Calling oversight “reverse colonialism” sounds a bit like friction to me.
All of the concepts discussed, including the creation of a defined “society for apostolic work,” or “Missionary Society,” include an expectation that we will remain connected to Rwanda, and theAM leaders are working collaboratively, as always, with Rwandan leaders. These conversations with leadership on both sides of the Atlantic remain ongoing, and it is important to note that no decisions have been made – we are in a process of conversations only, and frankly any public discussion is premature at best. Religious orders must abide by a set of canons; the AMiA will voluntarily submit to the canons of Rwanda. For the time being, AMiA clergy will remain credentialed in Rwanda.
If by “connected to Rwanda” you mean “voluntarily submitting to their canons for the time being” then I guess you could say that.
2. There has not been “friction” or “discord” about appointing bishops for the Anglican Mission. A planned discussion of the possibility of new bishops at the Rwanda House of Bishops meeting in June was not brought forward simply because the two-day meeting had to be reduced to one-day due to a funeral. The very full agenda did not allow for a conversation about new bishops. The proposed structure doesn’t preclude “reverse colonialism” either. The Chairman coined this term in response to efforts by the Rwandan House of Bishops to provide to the AMiA increased oversight, particularly with regard to finances and the selection of senior leadership.

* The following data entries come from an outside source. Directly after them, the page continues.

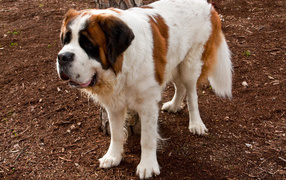 Сенбернар на земле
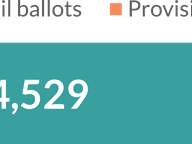 How the Post-Election Tally Works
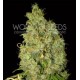 NORTHERN LIGHT X SKUNK * WORLD OF SEEDS 7 SEMI FEM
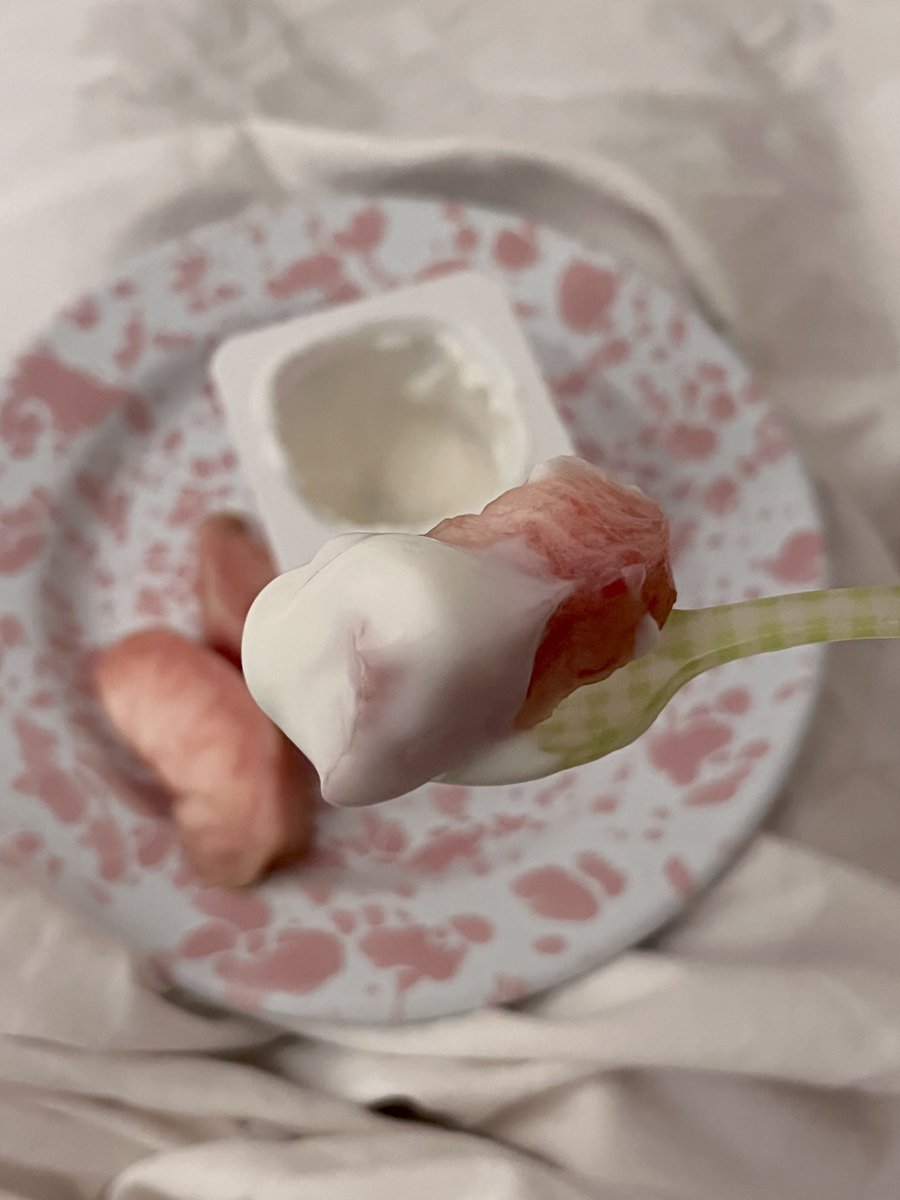 새벽야식개강추조합
복숭아 요플레에 real 복숭아 찍어먹기
과즙이랑 요플레 입속에서 섞이면서 축제열림!!!!!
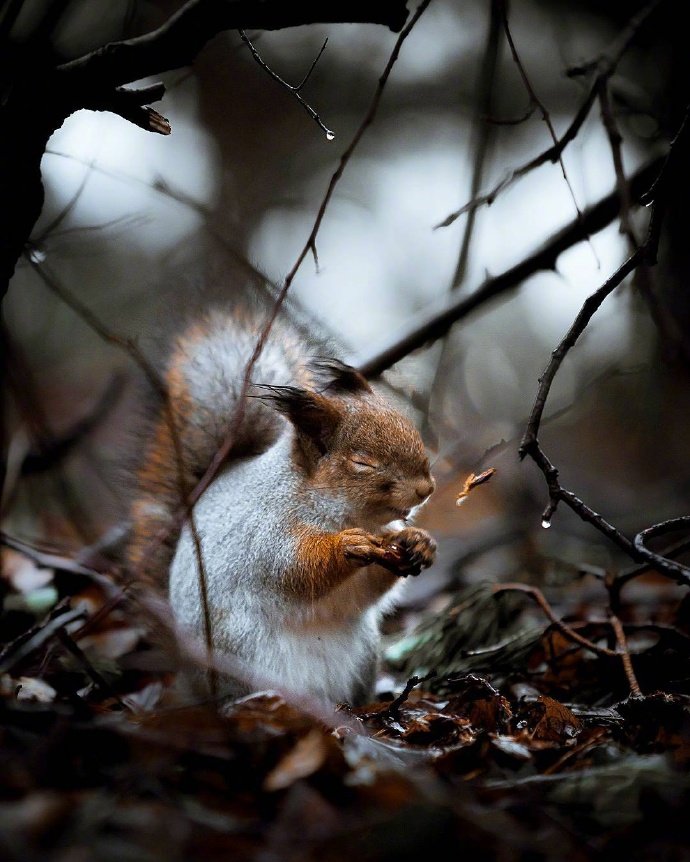 点击大图看下一张：摄影师镜头下超可爱的小松鼠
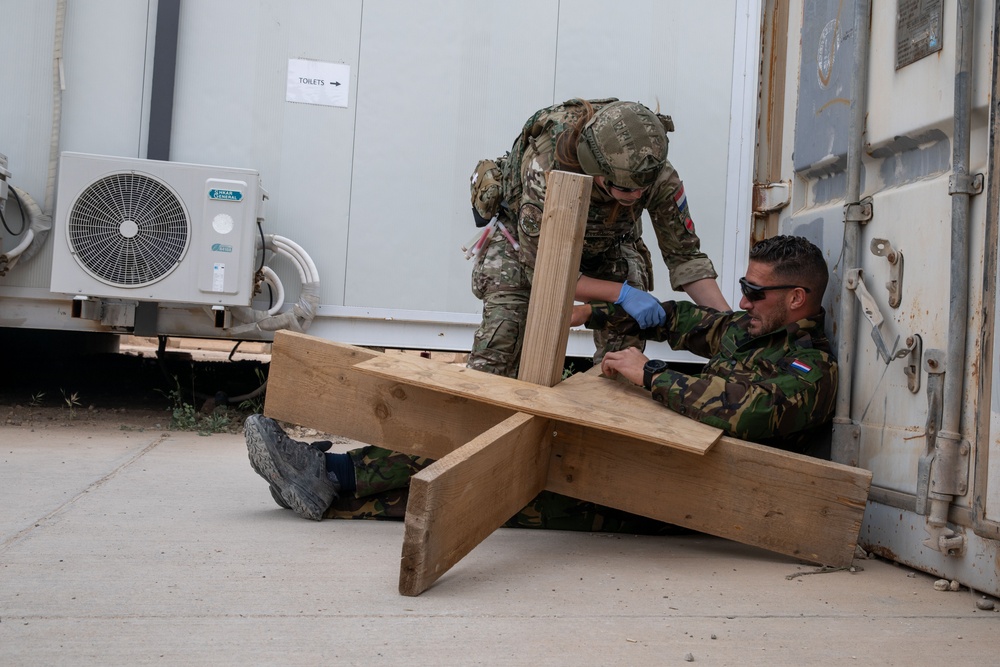 Task Force Lion and Odin Conduct MEDEVAC Exercise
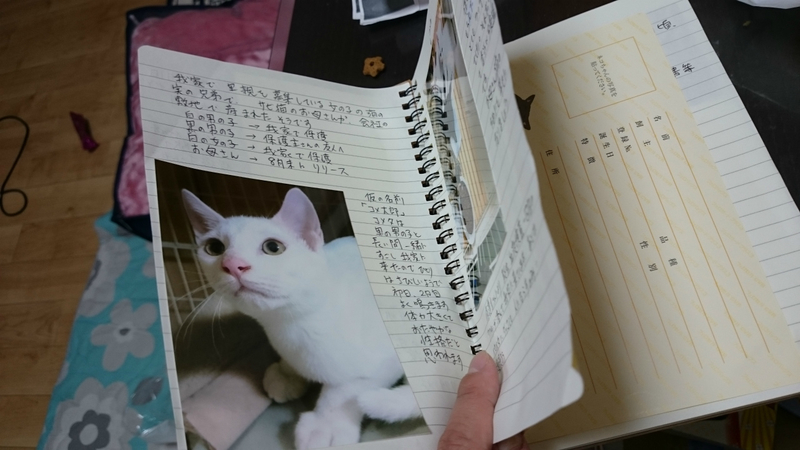 f:id:gosaku13:20180928205041j:image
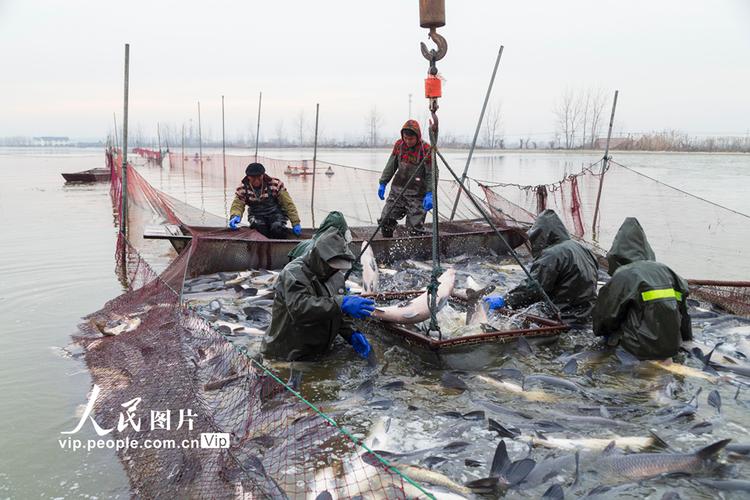 2021年1月3日,江苏省淮安市洪泽区西顺河水产品养殖基地工人在捕捞成
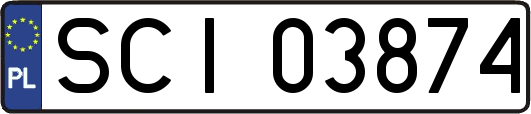 SCI03874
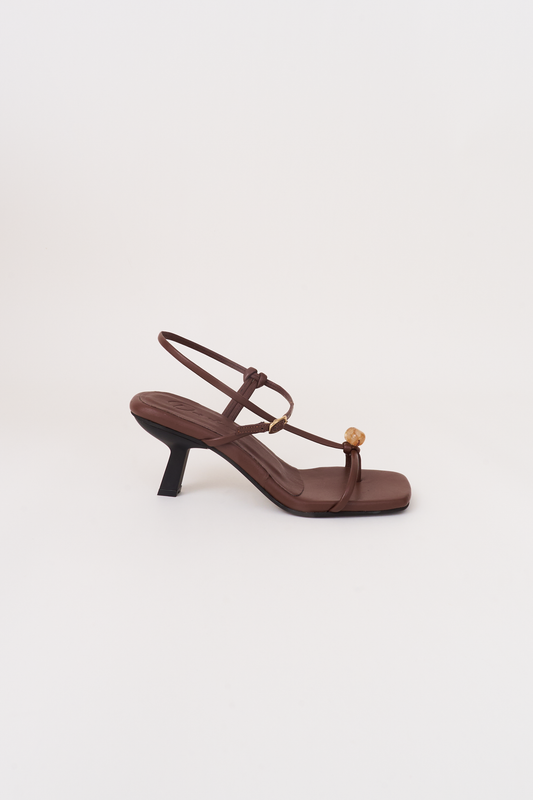 Semilla. chocolate
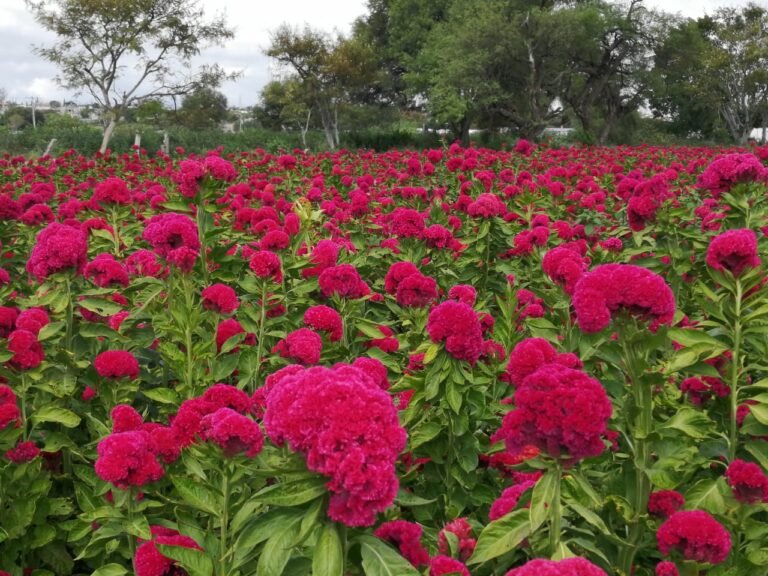 Flor de terciopelo, la flor poblana que también luce esta temporada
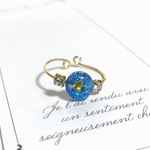 Ring〜星に願いを…〜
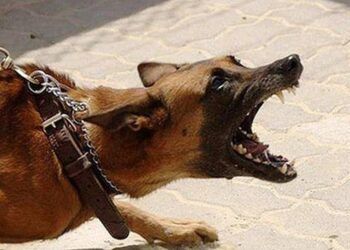 Những sai lầm khiến nhiều người mất mạng vì bệnh dại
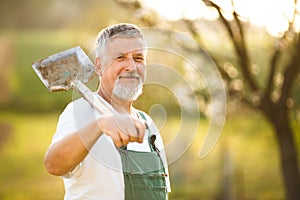 Portrait of a handsome senior man gardening in his garden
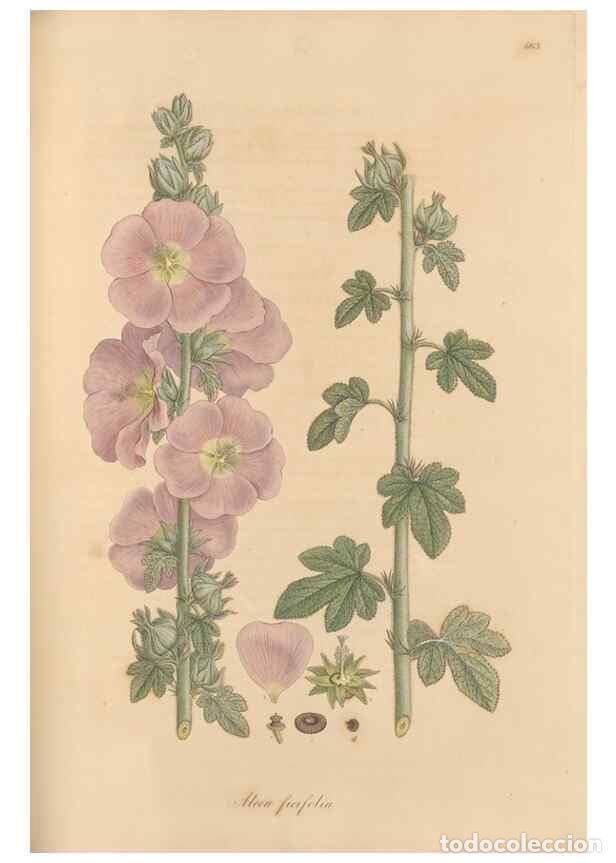 Sammeln von Zeitschriften und Zeitungen: Reproducci&oacute;n/Reproduction 49557991827: Flora Graeca, sive, Plantarum rariorum historia, quas in prov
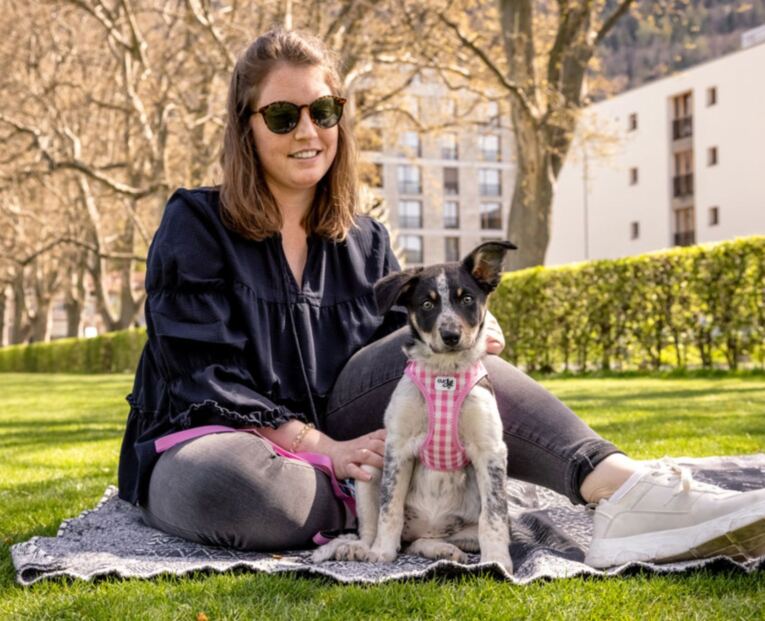 curli_claps_puppy_rosa_cao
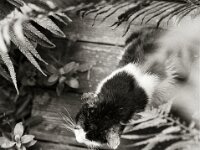 Harlekin  Yashica FR I, Contax Carl Zeiss Planar 1.4/50, ADOX CHS 100II  - 12.07.2025 -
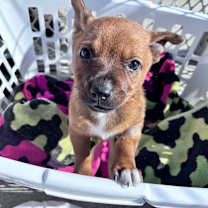 Thumbnail photo of Pumpkin #4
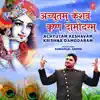 Achyutam Keshavam Krishna Damodaram - Single album lyrics, reviews, download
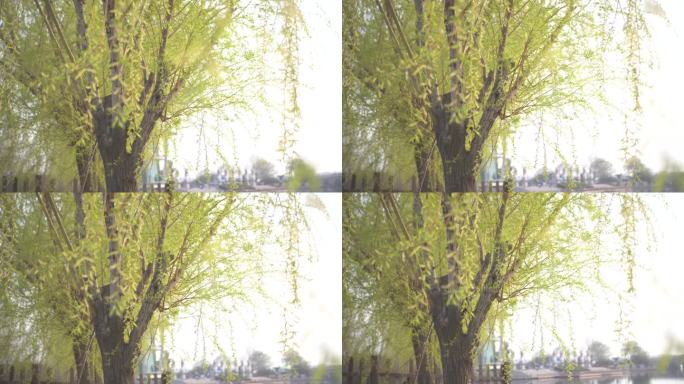 春天公园空镜 柳枝 柳条 柳树 初春柳枝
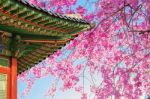 Cherry Blossom With Roof Of Temple In Spring Stock Photo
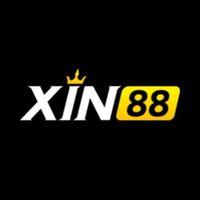 xin88press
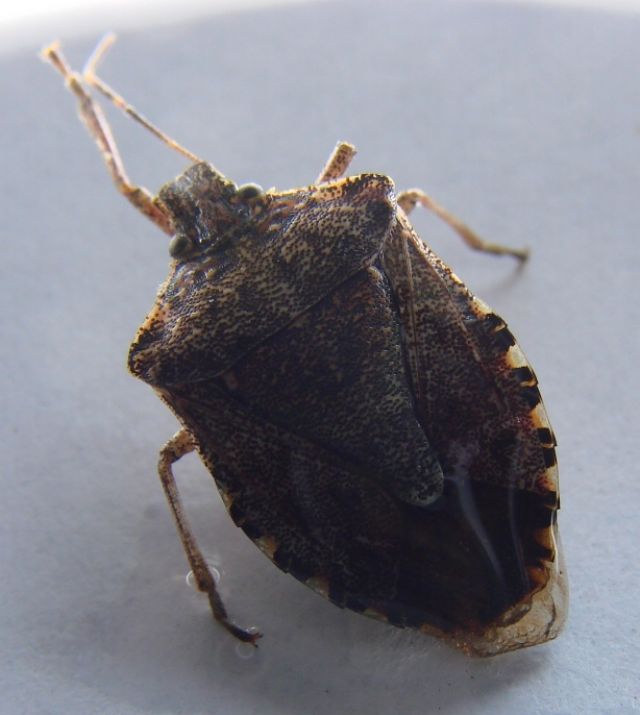 Pentatomidae: Halyomorpha halys - ninfa terminale (MI)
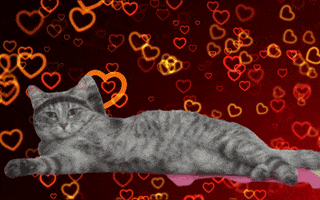 removebg cat heart workout i love you GIF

No friction or reverse colonialism due to ‘increased oversight…with regard to…the selection of senior leadership’ Score another one for Anglican Unscripted.

3. Bishop Murphy has in no way changed his personal position on women’s ordination to the priesthood, but the Anglican Mission in the Americas has made room for two integrities and two positions on this issue for two reasons: the Province of Rwanda does ordain women to the presbyterate, and the Anglican Communion is in a period of reception. There is no general acceptance of women’s ordination in the Anglican Mission, but we have chosen to live in the tension of two theological positions out of mutual respect. The new structure will permit the ordination of women to the priesthood but not require it. AMiA clergy will opt for either the Normative Rite (male presbyters) or the Provisional Rite (male and female presbyters) according to preference.

Bishop Murphy may not have changed his “personal position” but the envisioned changes seem to make women’s ordination possible with AMiA itself, instead of just all the various legal sub-groups. Anglican Unscripted is correct again.

The conclusion of theAM statement is very strident, calling Anglican Unscripted’s reporting false, uncorroborated and questioning motives. The decent thing for Bishop Murphy and Rev. Brust to do would be to apologize to Conger and Kallsen for this kind of exaggerated rhetoric.